Wednesday, June 13, 2018

Did Jane Austen disapprove of people like Marianne?

Sense and Sensibility was the second novel Jane Austen (1775-1817) undertook as an adult. She wrote it in 1797 when she was twenty-two years of age and rewrote it until its publication in 1811. In her juvenilia, written during her teen years, she inaugurated the persona of Marianne in sketch form in her short works like "Love & Freindship [sic]" and "Frederic and Elfrida."
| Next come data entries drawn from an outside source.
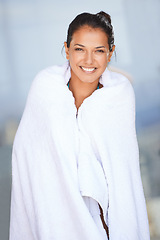 Image showing Towel, smile and woman with portrait, dry and getaway trip with holiday and traveling. Person, cloth or girl with happy and freedom with summer or weekend break with morning routine and covering body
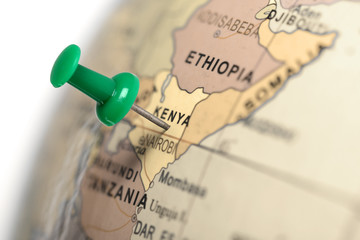 Naklejka premium Lokalizacja Kenia. Zielona pinezka na mapie.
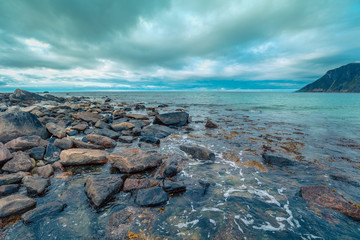 Beautiful wilderness, rocky beach, view of the fjord. Lofoten islands, Norway.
While Austen's adult satire matured along with her ability to understand other people's propensities and temperaments, the early satire in her juvenilia was more directly scathing and made it clear that she discredited women taken up in the extravagant emotionalism of romanticism, as is evident in this sample of indirect characterization of Laura, writing to Marianne, in "Love & Freindship."
"Oh! Heavens, (exclaimed I) is it possible that I should so unexpectedly be surrounded by my nearest Relations and Connections?" These words roused the rest of the Party, and every eye was directed to the corner in which I sat. "Oh! my Isabel (continued I throwing myself across Lady Dorothea into her arms) receive once more to your Bosom the unfortunate Laura. Alas! when we last parted in the Vale of Usk, I was happy in being united to the best of Edwards; I had then a Father and a Mother, and had never known misfortunes—But now deprived of every freind but you—" ("Love & Freindship [sic]")
While Austen's satire matured, her disapproval of the extravagances of romanticism remained constant. Though she developed Marianne as an authentic, complex character with an intricately wrought psychological make-up, she uses Marianne's remarks, opinions and actions to illustrate the dangers of the romanticism she embraced:
Before the house-maid had lit their fire the next day, or the sun gained any power over a cold, gloomy morning in January, Marianne, only half dressed, was kneeling against one of the window-seats for the sake of all the little light she could command from it, and writing as fast as a continual flow of tears would permit her. ... [S]he put all the letters into Elinor's hands; and then covering her face with her handkerchief, almost screamed with agony. Elinor, who knew that such grief, shocking as it was to witness it, must have its course ...
After Marianne's near-fatal illness at the Palmer's estate of Cleveland, Austen uses Marianne's conversation with Elinor to impugn Marianne's previous position. Marianne's own words—now that we have traced her life and witnessed the folly originated in her false beliefs rooted in romanticism—attest to the falseness of her position.
"I cannot express my own abhorrence of myself. Whenever I looked towards the past, I saw some duty neglected, or some failing indulged. Every body seemed injured by me. [...] I have nothing to regret—nothing but my own folly."
The conclusion to be drawn is that, while Marianne is a very vibrant character, Austen disapproves of the sort of life choices, and philosophical and ethical grounds that make her up. Austen disapproves of people like Marianne because of their dependence on the persuasions of romanticism.